Liquid Silver Books, $5.95, ISBN 978-1-59578-431-5
Contemporary Romance, 2008
Starling County seems like a small town because everyone seems to know everyone from way back. Therefore, it is not surprising that Marianne Chalmers’s insomnia is known to quite a number of folks, including the sheriff, Cody Greene. When he checks up on her one night in the library – she’s the head librarian – he finds her behaving as if he’s a knight who has come to her rescue-cum-ravishing and somehow manages to sustain his erection to go all the way with her despite some of the most awful corny lines coming from her. I mean, seriously.
“If thou will unsheathe thy sword, I will gladly remove my own garment. Thy lady cannot wait any longer.”
What has Marianne been reading before she experiences her sleepwalking-dream thing?
When she drank a sleeping tonic given by a friend the night before, poor Marianne has no idea that it will turn her into a parody of a Medieval Café waitress. I personally can’t imagine how a woman would not realize that she’d had sex recently, especially when Cody just took her back to her home without cleaning her up or anything, but I suppose Marianne is one of those amazing romance heroines who can have sex and still remain floral-scented and fresh-feeling despite having screamed in orgasm while rolling around the floor most enthusiastically with some guy. Therefore, Marianne only has vague recollections of some kind of sex dream episode during her sleep.
At any rate, as former committed bachelor Cody tries to decide whether he’s willing to hang up his player hat to woo Marianne, strange things begin to happen in town, most of them involving cattle behaving badly.
Beautiful Dreamer is… I don’t know. I suspect strongly that the author deliberately made her story to turn out the way it did, but what the story turned out to be, for me, is not even close to being funny. I find the punchlines here to be more affected than genuinely humorous. The characters speak as if they are trying too hard to come off like characters in a sitcom. In other words, I feel that the author is trying so hard to be funny that her brand of humor ends up eluding me completely. I also can’t help feeling that this book feels dated in a way that I can’t really define. Maybe it’s the way the hero keeps calling the heroine “Marianne Librarian” or the way she’s supposed to be this fragile-looking woman while he’s this big giant of man. There are many aspects of this story that feel more at home in a Harlequin series romance that came out in the 1980’s.

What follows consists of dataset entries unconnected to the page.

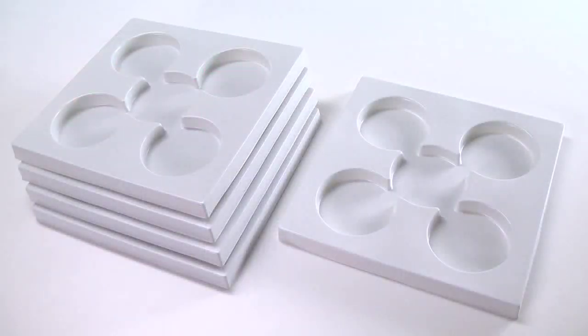Behavior studies can be facilitated with the animal behavior trays. The central compartment acts as the starting point for the organisms under study, surrounded by four test chambers available for different attractant and repellent substances.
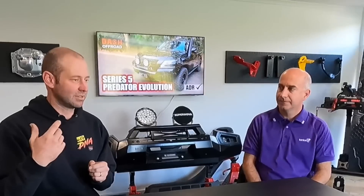So to start with, we often see cars from interstate and we haven't been certain in the past what the rules are. Is a GVM upgrade a state thing or is it a federal based thing?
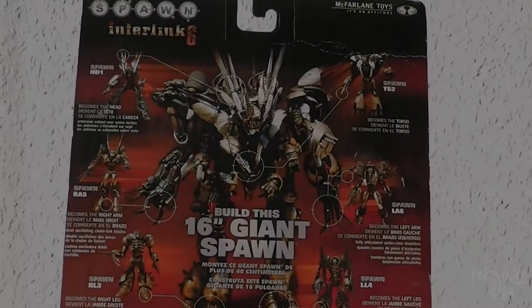Hello everyone, it's been a while. After my music videos, AMVs, trailer, and other stuff, I want to make a toy review.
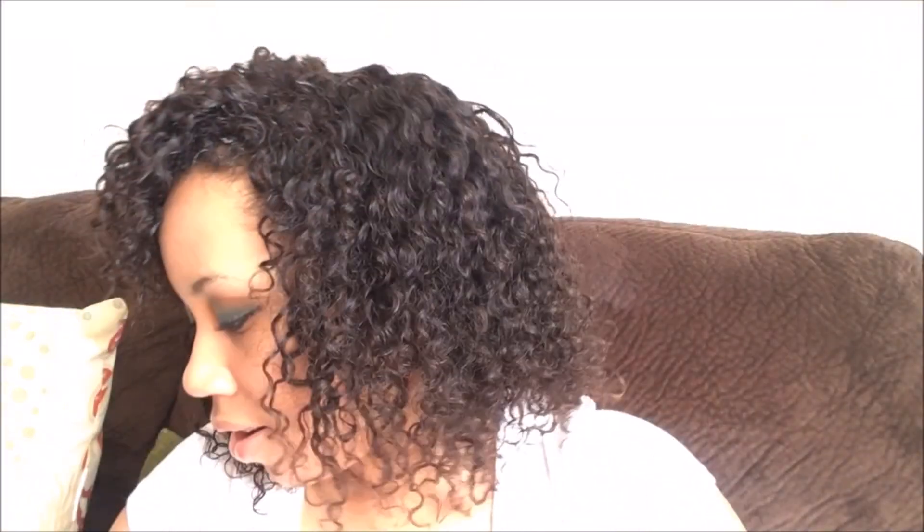I probably will redo this whole look because I'm going out of town on vacation soon, so I think this is the hair I'm gonna be rocking. Overall I do love the hair and I would definitely order more hair from them.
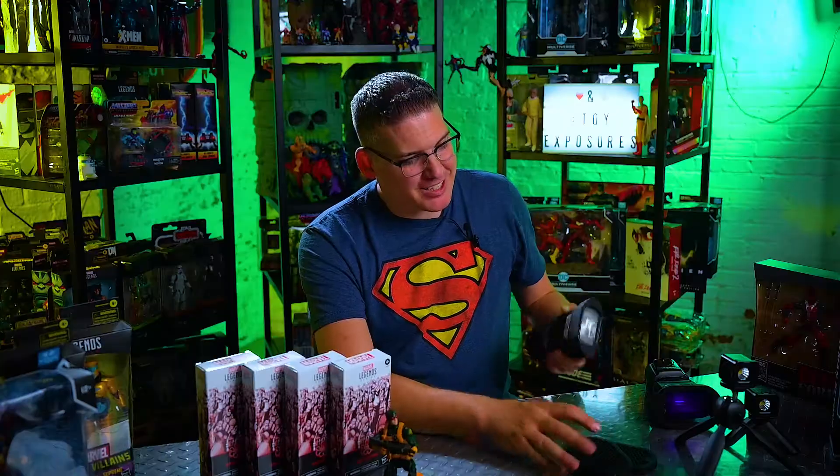Hey guys, if you've watched my show, you know I love using flashes in my photography. I actually am a professional photographer. My wife and I have a business called Burns Exposures, hence the name Toy Exposures on this channel. But it took several years to learn how to master flash photography. And on top of that, flashes are expensive.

I don’t know. This story is a conceptual comedy as much as it is a romance, and because I don’t appreciate the brand of humor that is strongly woven throughout the story, I fail to appreciate the story as a result. Of course, with humor being so subjective from person to person, who knows, you may like this one better than me. There are some interesting ideas here, it’s just that the execution of the story doesn’t appeal to me.